Strategy7 min read

How to Prepare for a Technical Interview

A complete guide to preparing for a technical interview in 2026 — coding rounds, system design, behavioral, and the week-of checklist that ties it together.

The Talorr Team
Isometric illustration of a technical interview prep desk with a laptop, whiteboard flow diagram and a checklist

A technical interview is rarely one thing. By the time you reach an on-site or final loop, you're being tested on coding, problem communication, sometimes system design, and always behavioral fit. Preparing for only the coding part is the most common way strong engineers still get passed over. Studying only algorithms for a full loop is like training for a triathlon by getting really, really good at the bike. Here's how to cover the whole thing.
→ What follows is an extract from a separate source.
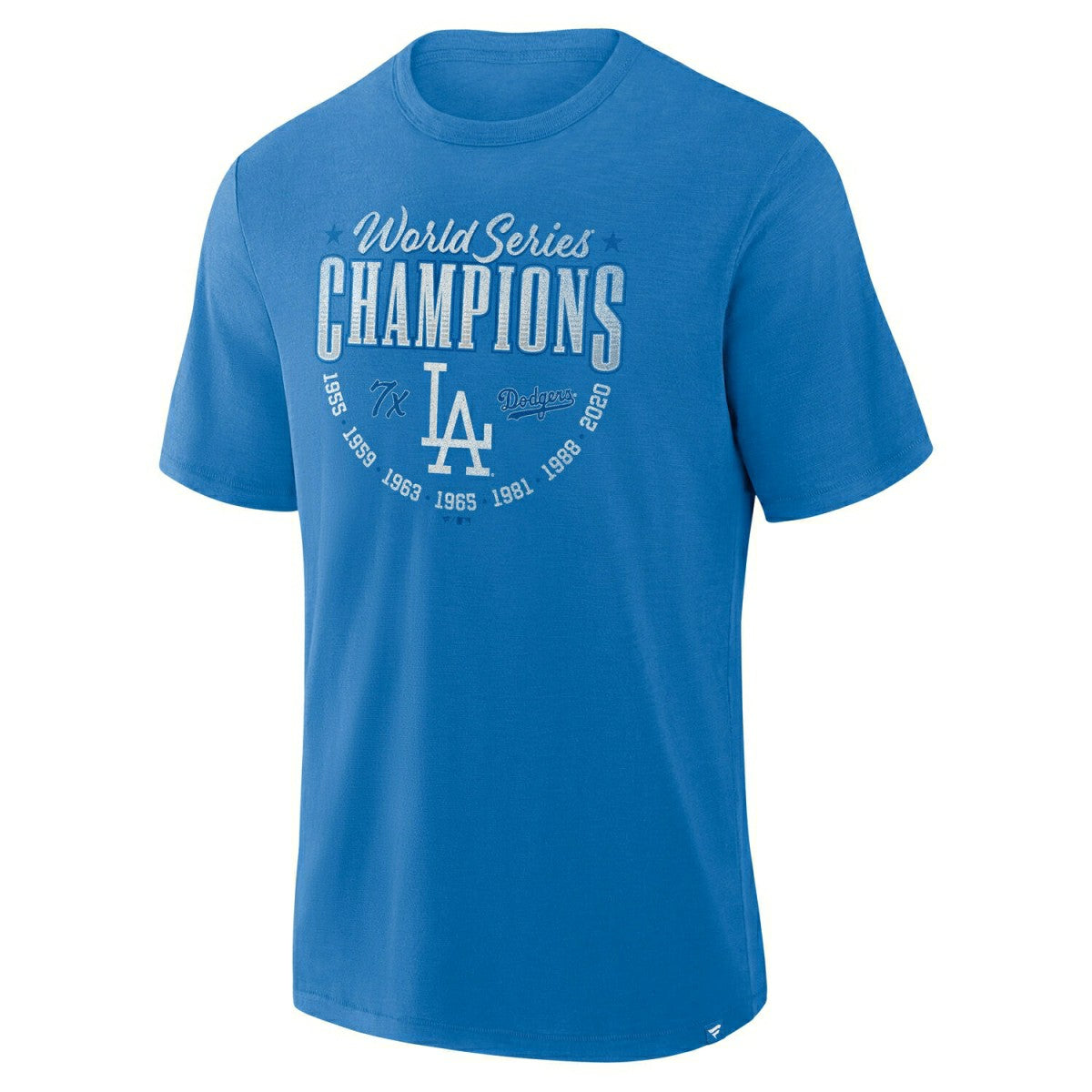 Los Angeles Dodgers Retro Stadium Slub MLB T-Shirt Blue Classic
Start by mapping the process

Before you study anything, find out the format. Most companies publish or will tell you the stages: a phone screen, one or more coding rounds, possibly a system design round for mid and senior roles, and a behavioral or hiring-manager conversation. Preparing blind wastes time; preparing for the actual loop is half the battle.

Coding rounds

Focus on patterns, not problem counts — arrays, hash maps, two pointers, trees, graphs, and dynamic programming cover the vast majority of questions. Our 8-week coding interview plan breaks this down week by week. Practise thinking aloud, stating your approach before coding, and testing against edge cases. Correct-but-silent loses to slightly-slower-but-clear surprisingly often.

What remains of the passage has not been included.